Das kompositorische Lebenswerk von Thelonious Monk mit 71 Titeln wirkt überschaubar, bietet aber aufgrund seiner formelhaften Verdichtungen eine Matrix, die nach wie vor das Zeug hat, zu weiterführenden avantgardistischen Entwicklungen bis an die Grenze des Tonalen zu ermutigen. Diesem Aufruf folgen die drei in der Galerie in kongenialer Weise. Weniger häufig gespielte Monk-Stücke werden nicht klassisch "straight" aufgefasst wie eines der bekanntesten Monk-Stücke, "Straight, no Chaser".

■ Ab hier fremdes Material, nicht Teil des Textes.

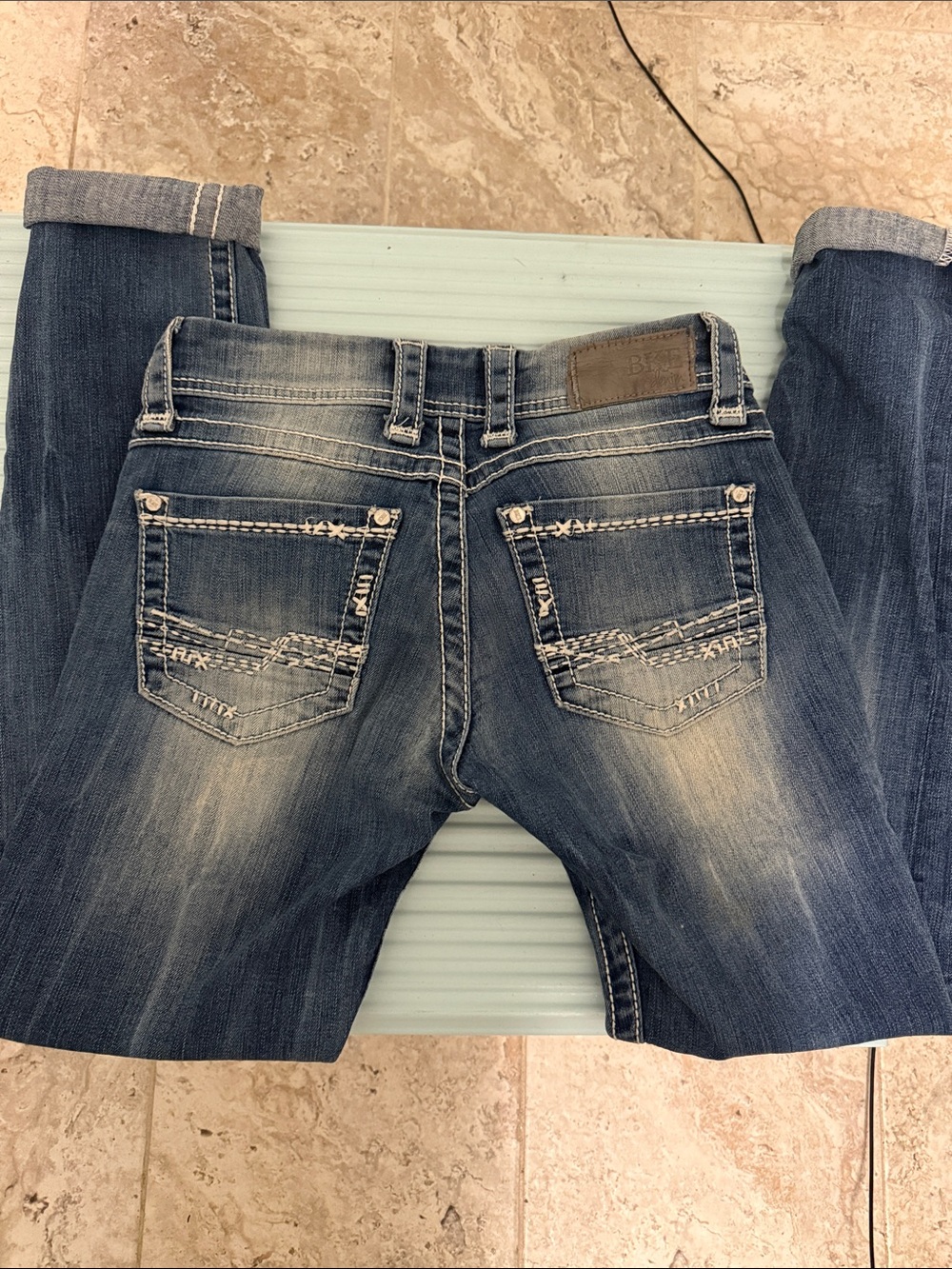 BKE Men's Faded Blue Slim Straight Jeans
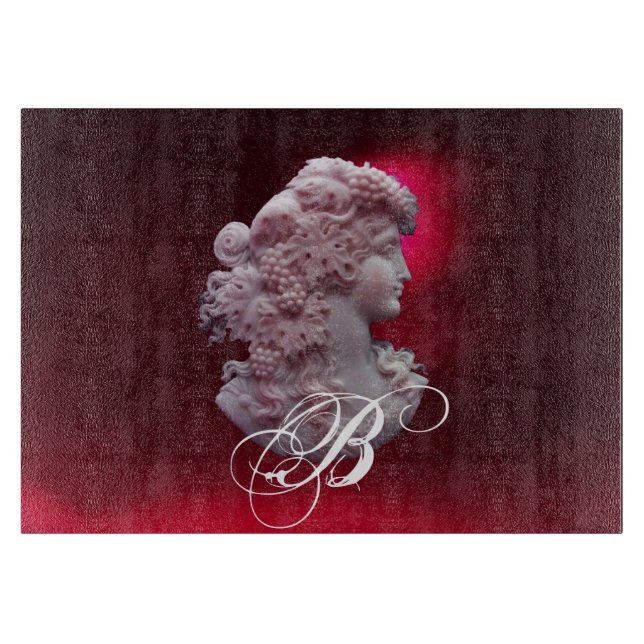 ANTIQUE CAMEO,LADY WITH GRAPES MONOGRAM CUTTING BOARD (Front)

In vielen Stücken scheint sich Geoff Goodman an der Gitarre das Material erst einmal „anzuschauen“. Er blättert gewissermaßen konzertant, coram publico, durch, was zur Debatte steht, in den enggeführten Leitern der Monk´schen Welt, die sich schillernd drehen wie eine tonale Doppelhelix. Er blättert zurück, überspringt, kommt wohl oder übel ins Gehen, weil er sein Gleichgewicht verlassen hat und „humpelt“ dabei skurril anmutend, gauklerisch über rhythmische Bruchstellen.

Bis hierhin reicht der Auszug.